What the task asks: An exact copy of the listing below is the answer, with the pictures removed.

Given material:
◆ ◆ ◆
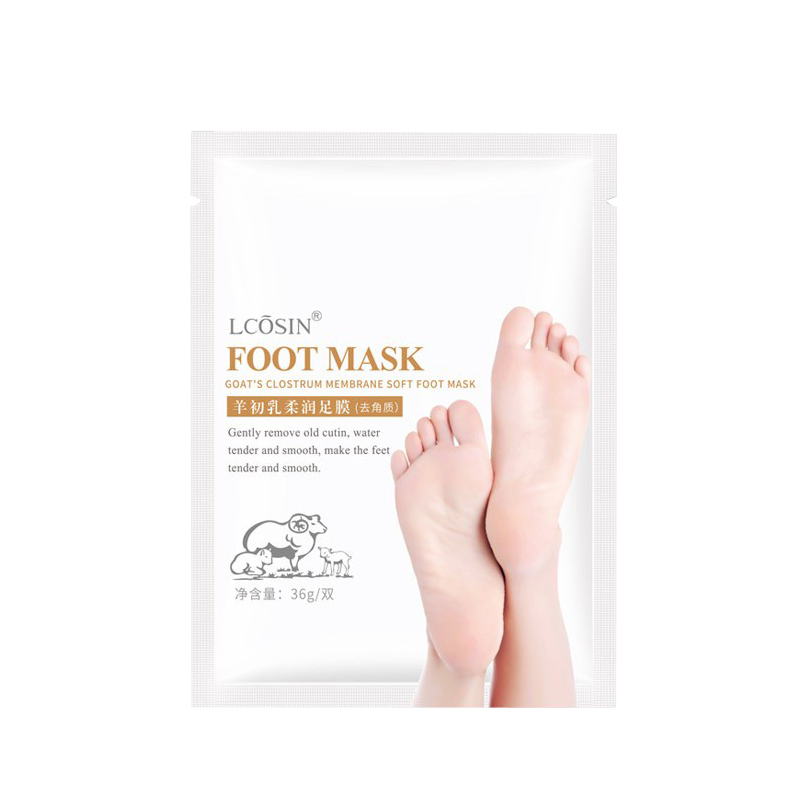 兰可欣 嫩滑滋养足膜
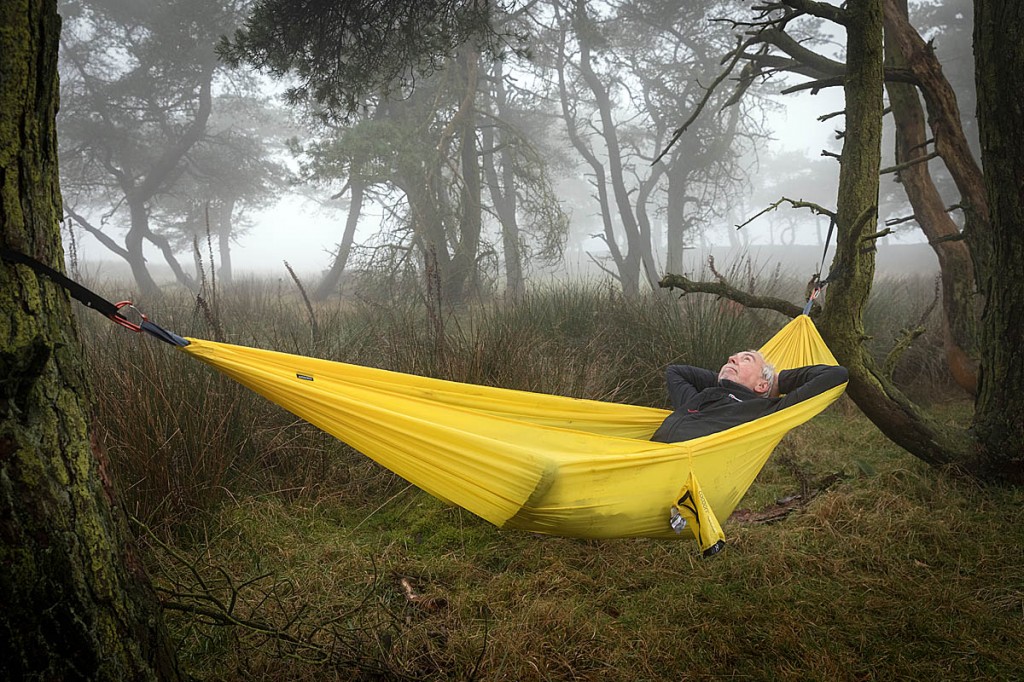 The Cocoon Travel Hammock. Photo: Bob Smith/grough The Cocoon Travel Hammock. Photo: Bob Smith/grough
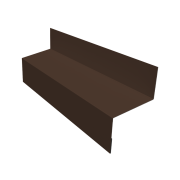 Отлив межэтажный 45 0,45 Drap ST RAL 8017 шоколад (2м)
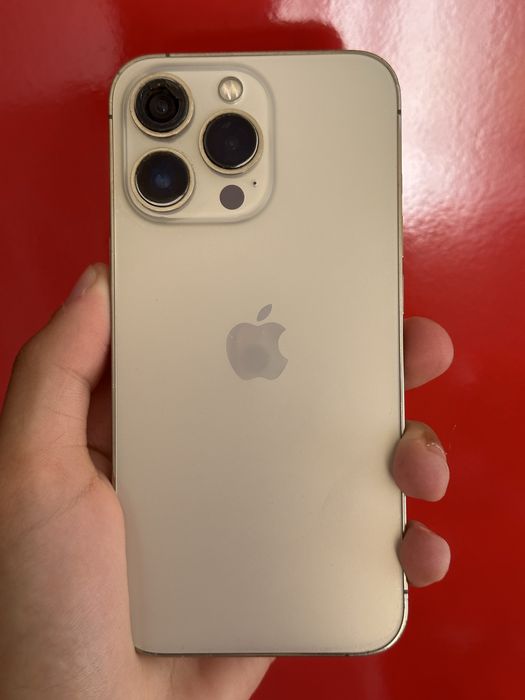 iPhone 13 pro gold 256GB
◆ ◆ ◆
Task result:
 兰可欣 嫩滑滋养足膜
 The Cocoon Travel Hammock. Photo: Bob Smith/grough The Cocoon Travel Hammock. Photo: Bob Smith/grough
 Отлив межэтажный 45 0,45 Drap ST RAL 8017 шоколад (2м)
 iPhone 13 pro gold 256GB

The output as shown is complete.